Note: WinHelp 4.0 files can also run on Microsoft Windows NT 3.51.

A few months ago, the Windows 95 User Education team held a Windows Help Authoring Conference to introduce its latest version: WinHelp 4.0, created to work with Windows 95. The conference was attended mainly by independent software vendors and focused on familiarizing the audience with new features and functionality. The points discussed there and recapped in this article can be useful to Help Desk professionals and information providers. Following are examples of three types of users TechNet subscribers might support effectively by using the Windows 95 Help and WinHelp 4.0 authoring tools.

On This Page

Scenario 1: The Clueless User
Scenario 2: The User With A Clue
Scenario 3: The Information Expert
Conclusion

Scenario 1: The Clueless User

Every department has one. You know the type: the person who wouldn't read the manual, but doesn't know much more about the computer than how to turn it on and off consistently. These users write e-mail or they come looking for you; they typically begin with, "I just don't get it, and the person I usually ask isn't around..."

All education consists of building upon foundations of information. The perfect foundation for a person like this is the context-sensitive help available in Windows 95. What used to be an intimidating empty field in a dialog box is now just a left- or right-mouse button or an F1 key away from a user's understanding.

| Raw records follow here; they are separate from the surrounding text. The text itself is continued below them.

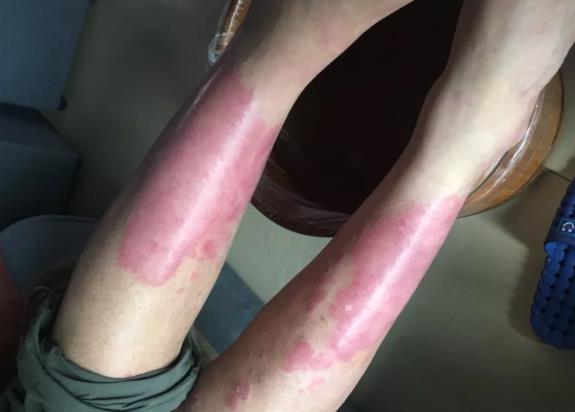 <b>30年牛皮癣患者氢沐浴感受（有图有真相）</b>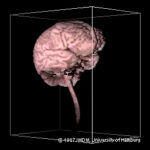 First ever 3D reconstruction of a living brain from MRI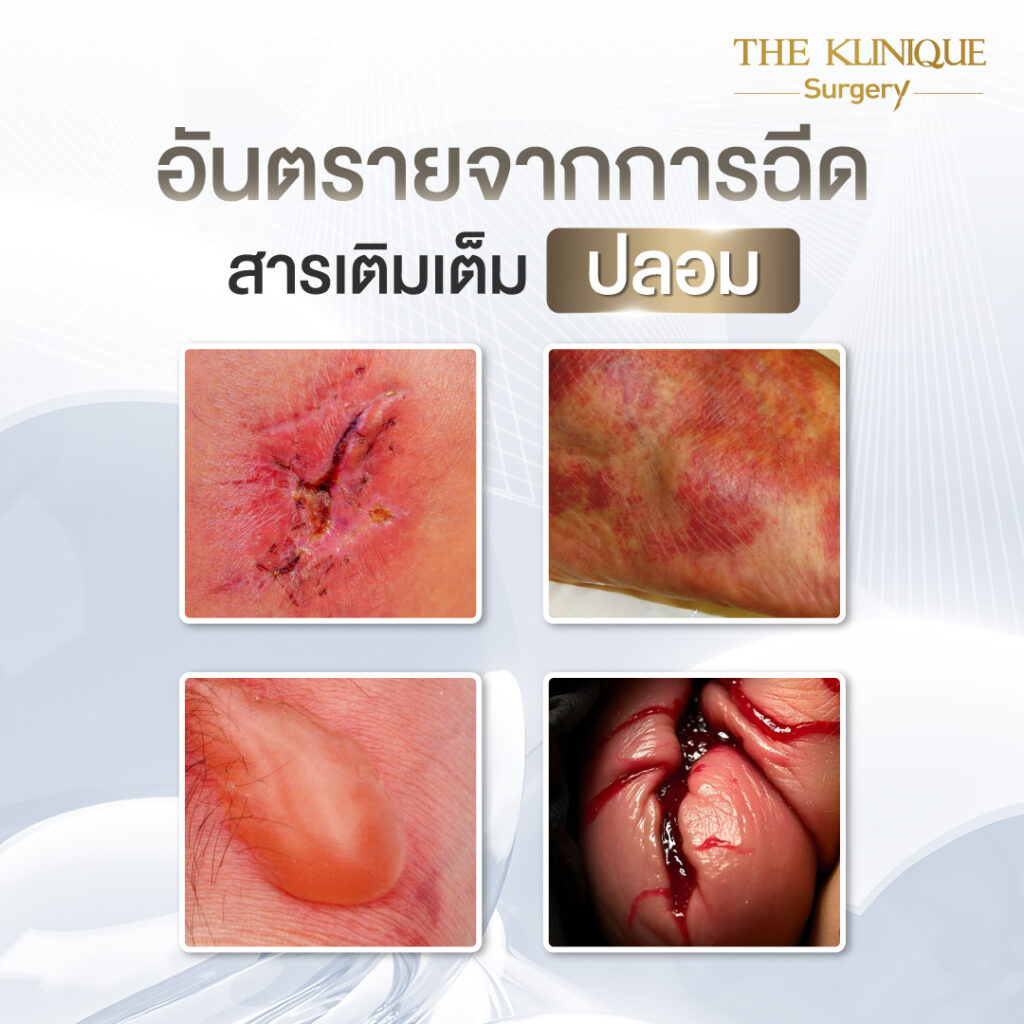ฟิลเลอร์ , ฟิลเลอร์น้องชาย, ปรับขนาดน้องชาย, ปรับขนาดอวัยวะเพศ, เพิ่มขนาดน้องชาย, ขลิบ, ขลิบไร้เลือด, ขลิบไร้เลือกที่ไหนดี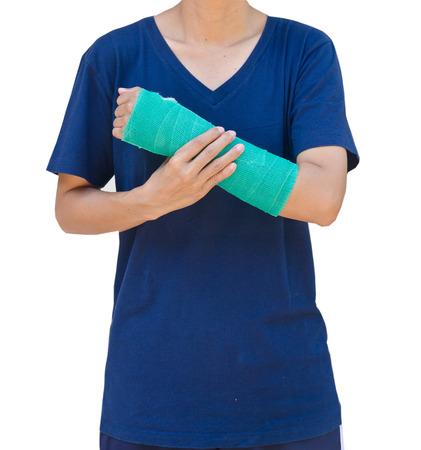 green cast on hand and arm isolated on white backgroundの写真素材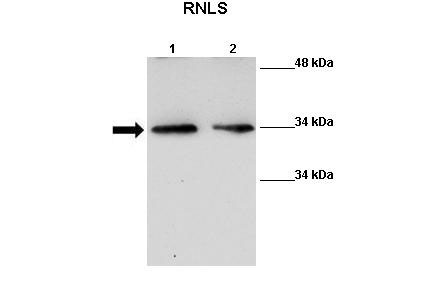 WB Suggested Anti-Rnls Antibody Positive Control: Lane 1: 40ug Mouse liver tissue lysate Lane 2: 40ug Mouse liver tissue lysate Primary Antibody Dilution : 1:500 Secondary Antibody : Anti-rabbit-HRP Secondry Antibody Dilution : 1:2500 Submitted by: Nitish R Mahapatra, IIT Madras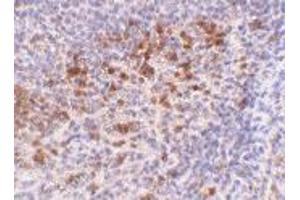 Immunohistochemistry of CAMP in human spleen tissue with CAMP polyclonal antibody  at 5 ug/mL .
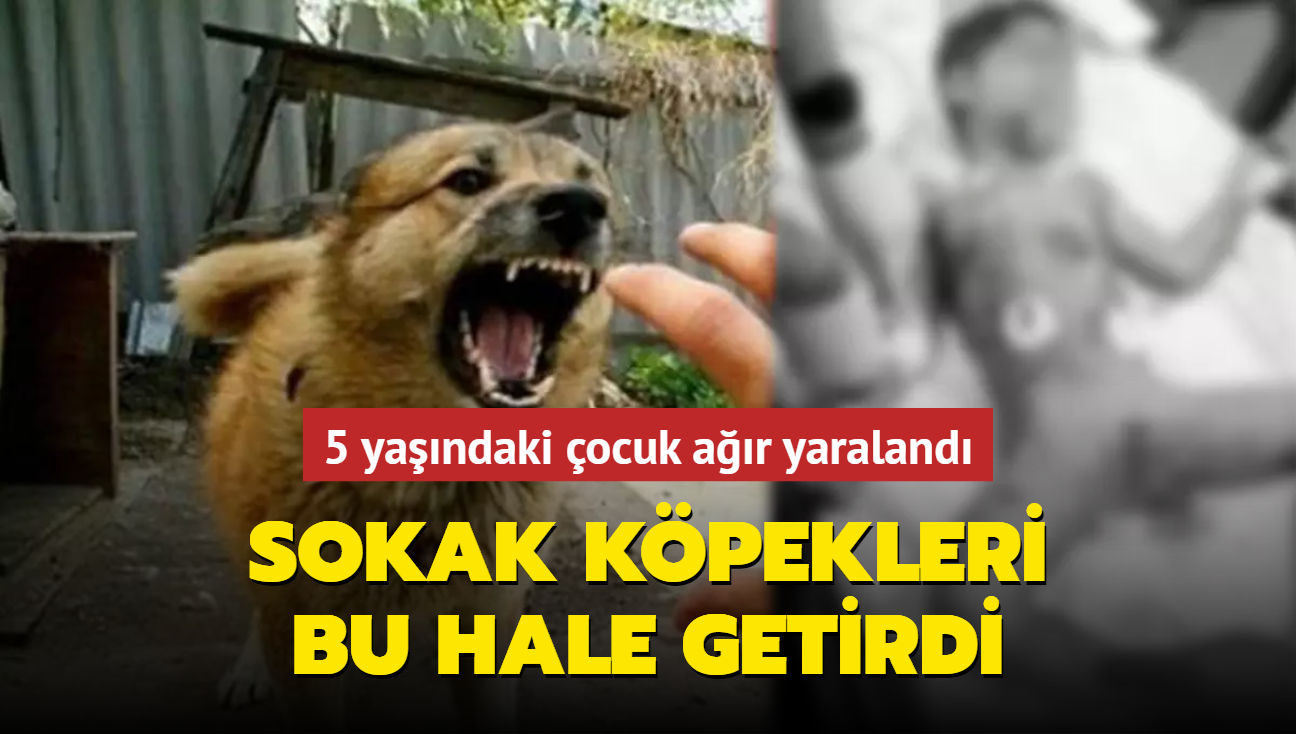 Sokak kpekleri bu hale getirdi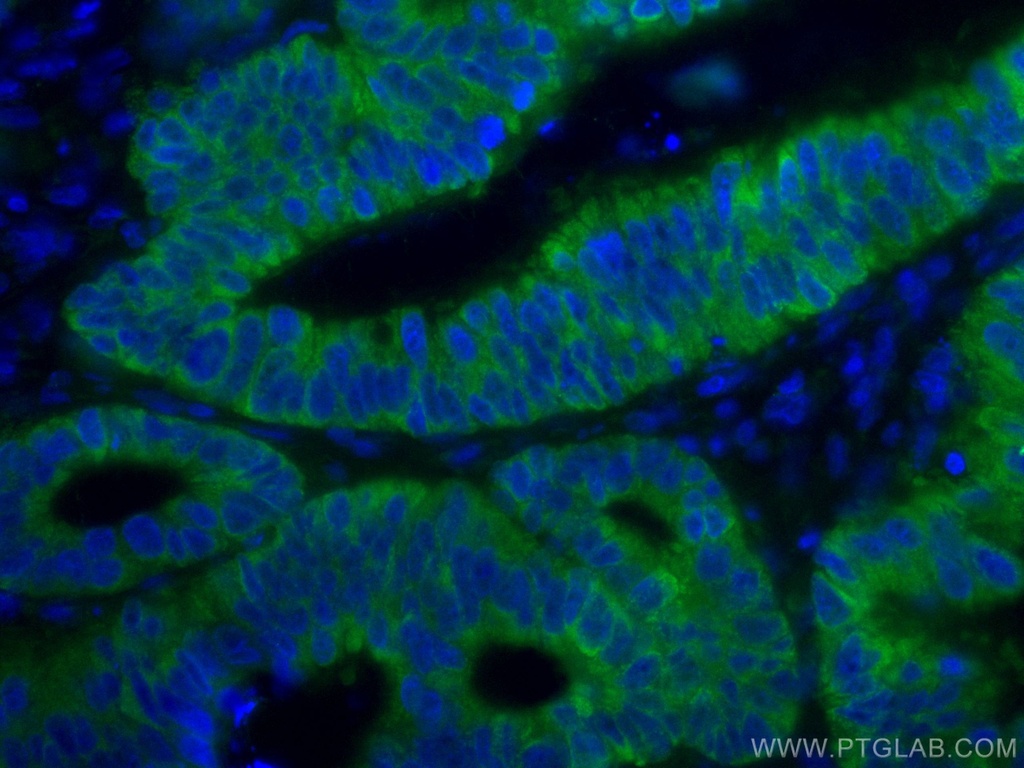 CoraLite®488-conjugated CNOT4 Monoclonal antibody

Context-sensitive help is readily available in Windows 95, primarily because WinHelp 4.0 can associate pop-up text to the interface and use Windows API calls. Context-sensitive help is integrated as pop-up text for each Windows 95 control in property sheets and dialog boxes, in addition to other interface elements. A user can now copy and print all help pop-ups.

To uncover all kinds of useful information, such as what a dialog box element is and how it is used, move the cursor over an element and press F1. Or, where available, click the ? button in the Windows Help toolbar (the cursor changes to a question mark) and then click on any text in a help topic.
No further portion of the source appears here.